The European Union (EU) was responsible for importing about 95 per cent of Algeria’s LNG in 2025, consolidating what is presented as a strategic energy partnership, yet one that reveals asymmetric interdependence and structural vulnerability.
The expected visit to Algiers by European Commissioner for Energy, Dan Jørgensen, comes amid a rapid reshaping of gas flows toward Europe.
Brussels aims to eliminate Russian imports by the end of 2027 and is seeking to strengthen ties with suppliers considered reliable, with Algeria ranking prominently among them.
According to the Italian news agency Nova, Europe accounted for nearly 95 per cent of Algeria’s total liquefied natural gas (LNG) exports in 2025, underscoring the depth of the energy link between the two shores of the Mediterranean.
Talks with Algeria’s Minister of Energy and Mines, Mohamed Arkab, are expected to focus on supply security, regulatory exemptions granted to Algerian LNG, and prospects for cooperation in green hydrogen and
renewable energy.
Brussels has exempted Algerian LNG from a newly introduced enhanced origin-declaration mechanism applied to other suppliers, reaffirming Algiers’ status as a priority partner.
The figures point to a firmly established relationship.

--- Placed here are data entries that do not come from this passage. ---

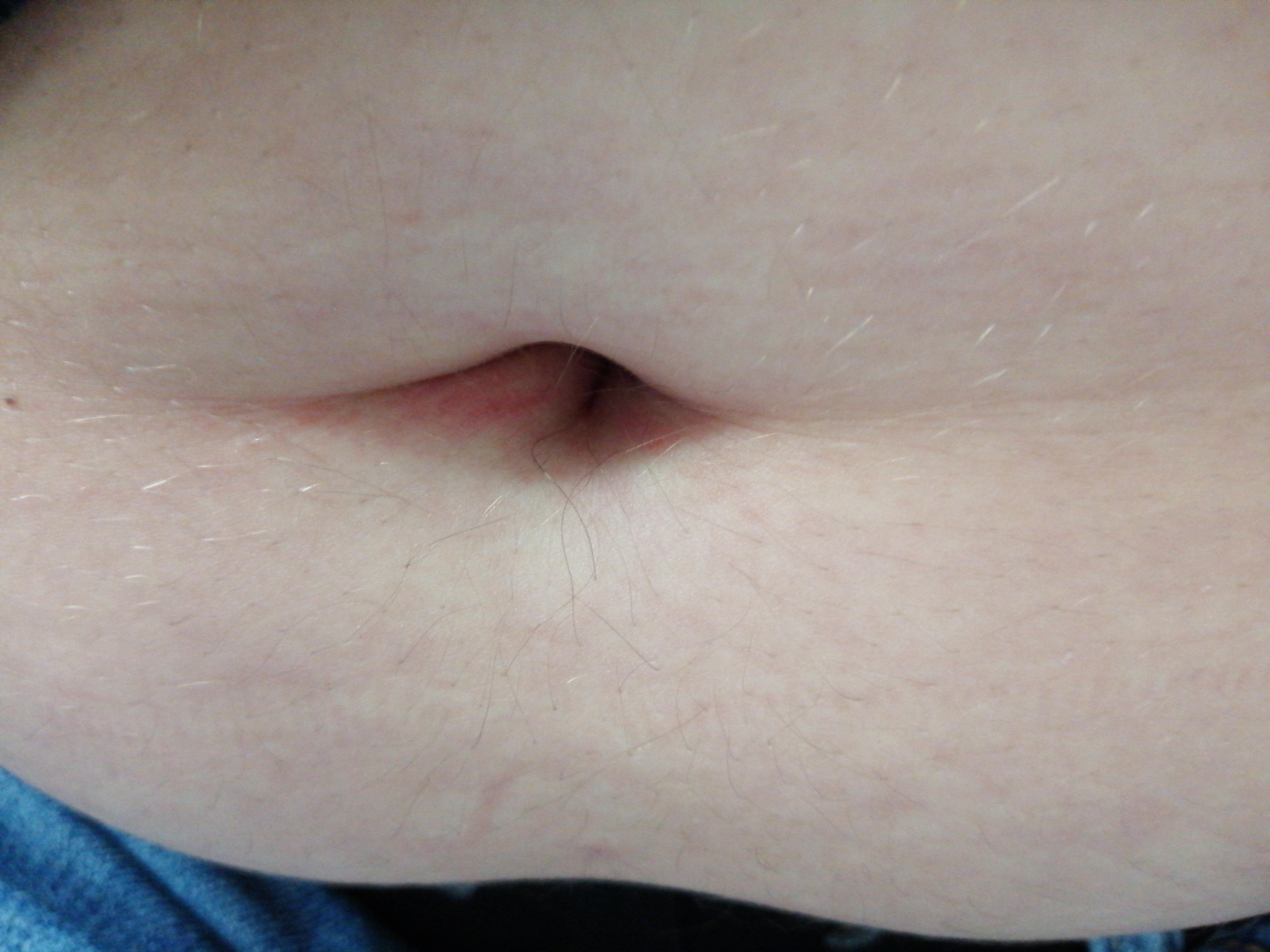 Ist Das Eine Bauchnabel Entzundung Medizin Korper Bauch Ist Das Eine Bauchnabel Entzundung Medizin Korper Bauch
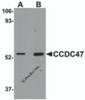 Western blot analysis of CCDC47 in mouse heart tissue lysate with CCDC47 antibody at (A) 1 and (B) 2 &#956;g/mL.
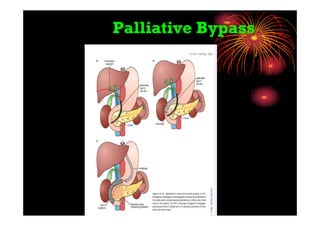 Palliative Bypass
 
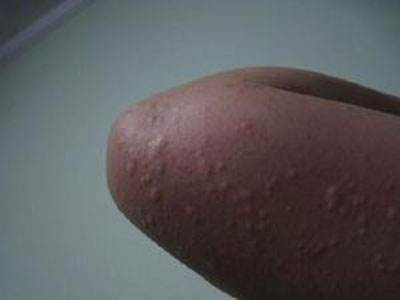 過敏性皮膚該如何預防荨麻疹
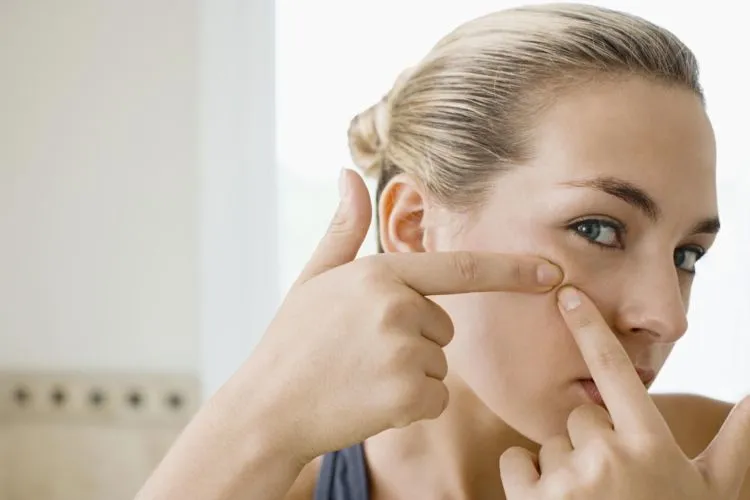 Suka Kaget Bangun Tidur Tiba-Tiba Muncul Jerawat di Muka? Atasi dengan 8 Cara Ini, Deh! 16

In 2025, Turkey imported 3.14 million tonnes of Algerian LNG, followed by France (2.31 million tonnes), Italy (1.62 million), Spain (1.44 million) and the United Kingdom (0.64 million).

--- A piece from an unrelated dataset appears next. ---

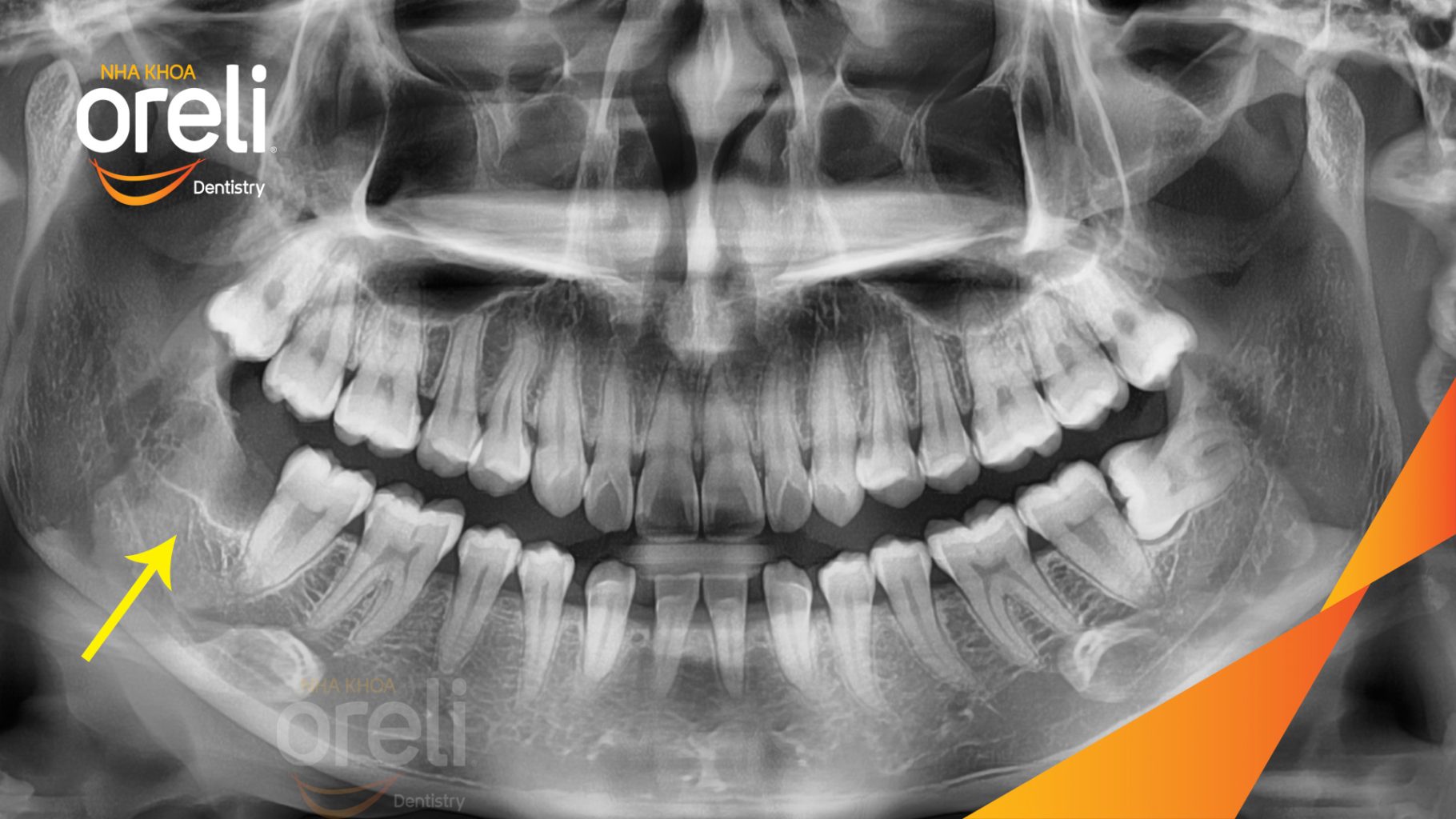 Răng khôn hàm dưới mọc lệch ngang 90 độ trước khi điều trị tại Nha khoa Oreli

Algeria also overtook the United States as Spain’s leading LNG supplier. Via pipeline deliveries, Italy imported nearly 20.1 billion cubic meters through the Transmed pipeline, accounting for around 31 per cent of its total gas imports, despite a slight decline compared with 2024.

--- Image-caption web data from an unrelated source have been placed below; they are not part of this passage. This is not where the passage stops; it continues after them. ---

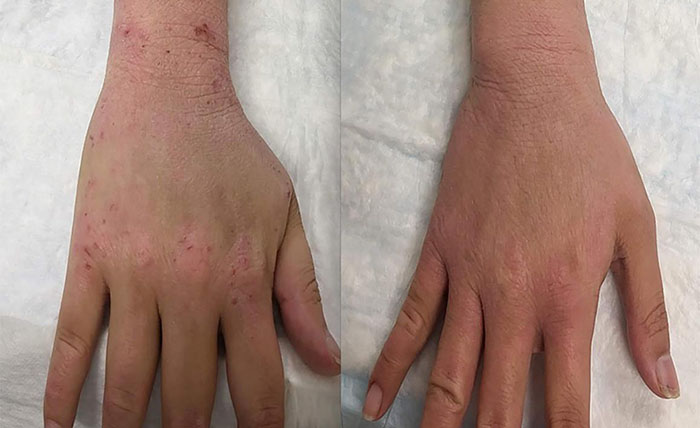 Hand and wrist of a participant in the pilot study before (left) and after (right) treatment of topical steroid withdrawal symptoms with berberine, a mitochondrial complex I-blocking drug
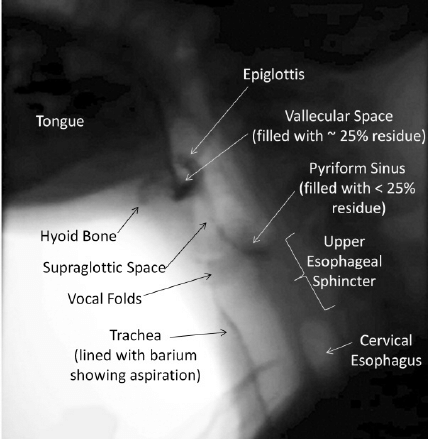 A still x-ray image, taken from a videofluoroscopic swallowing study. This image shows the oropharyngeal anatomy, and includes evidence of mild residue (up to 25% of the available space) in the valleculae and pyriform sinuses. Additionally, evidence of prior aspiration is evident as a thin line of barium running down the front wall of the trachea.
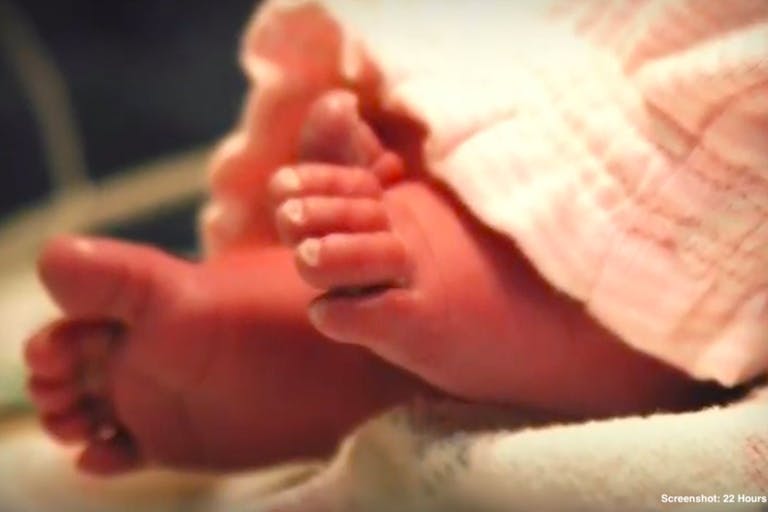 22 hours of grace anencephaly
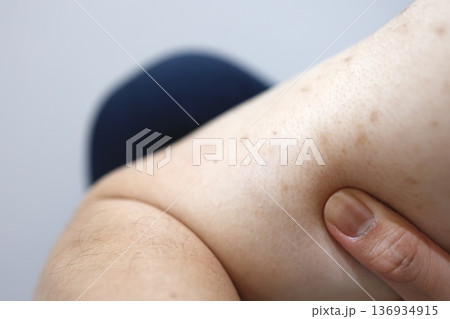 腕の色素沈着。茶色い斑点のクローズアップ。 136934915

Behind the rhetoric of a “reliable supplier,” however, lies a reciprocal dependence that raises questions about Algeria’s long-term energy strategy. While Europe diversifies its sources, Algeria channels the bulk of its exports toward a single market, at a time when the EU is accelerating its shift toward renewables and globally traded spot LNG. Europe’s record LNG imports of 103.44 million tonnes in 2025, up 24 per cent year-on-year, reflect intensifying competition among suppliers.
This configuration exposes Algiers to structural pressure on prices and volumes over the medium term. The current centrality of Algerian gas rests as much on geopolitical circumstances as on the ability to maintain stable flows. Yet investment in upstream gas production, infrastructure modernization and domestic energy diversification remains critical to preventing gas revenues from entrenching prolonged fiscal dependence.
Energy cooperation with the European Union offers Algeria a strategic window of opportunity. It will require, however,, a coherent industrial vision and a managed transition to ensure that its status as a key partner does not mask structural fragility in the face of rapidly evolving global energy markets.